| Allorecognition
Allorecognition reactions, wherein a colony detects and
reacts to a conspecific on the basis of cell-cell contact,
are near ubiquitous amongst the clonal marine benthos. These
phenomena interest cell biologists as recognition systems,
population geneticists by virtue of the substantial allotypic
diversity they display, evolutionists in the role such interactions
play in mediating the units of selection, immunologists in
the oft-repeated hypothesis that these phenomena lie at the
root of vertebrate immunity, and ecologists in the coupling
of allorecognition to the mechanisms and outcomes of intraspecific
competition.
In recent years, my lab has developed the study of allorecognition
in the colonial hydroid Hydractinia by generating
inbred and congenic lines, using them to identify a chromosomal
interval controlling allorecognition, and mapping this interval.
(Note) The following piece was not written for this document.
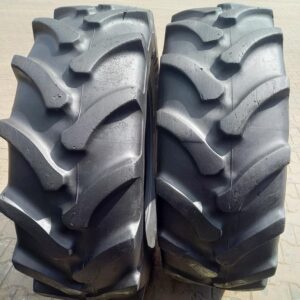 2x Opona używana rolnicza 420/70R28 FIRESTONE R6000 900zł W4955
Current work includes positional cloning of two allorecognition
loci and studies of the mechanism generating the extraordinary
polymorphism in this interval.
Colony circulatory design
Colonial animals are typically comprised of repeated units
(polyps, zooids, and so on) connected to one another by a
system of quasi-vascular canals. These circulatory systems
differ in three major respects from the vertebrate circulatory
systems. In particular, the vascular canals of colonial animal
circulatory systems anastomose rather than dichotomously
branch, they often have multiple pumps driving the flow,
as opposed to a single heart, and flow is alternately bidirectional.
The colonial animal circulatory system is a microfluidic
design that reliably generates an ontogeny. My lab is interested
in how ontogeny is coupled to circulatory dynamics in the
colonial hydroids Hydractinia and Podocoryna.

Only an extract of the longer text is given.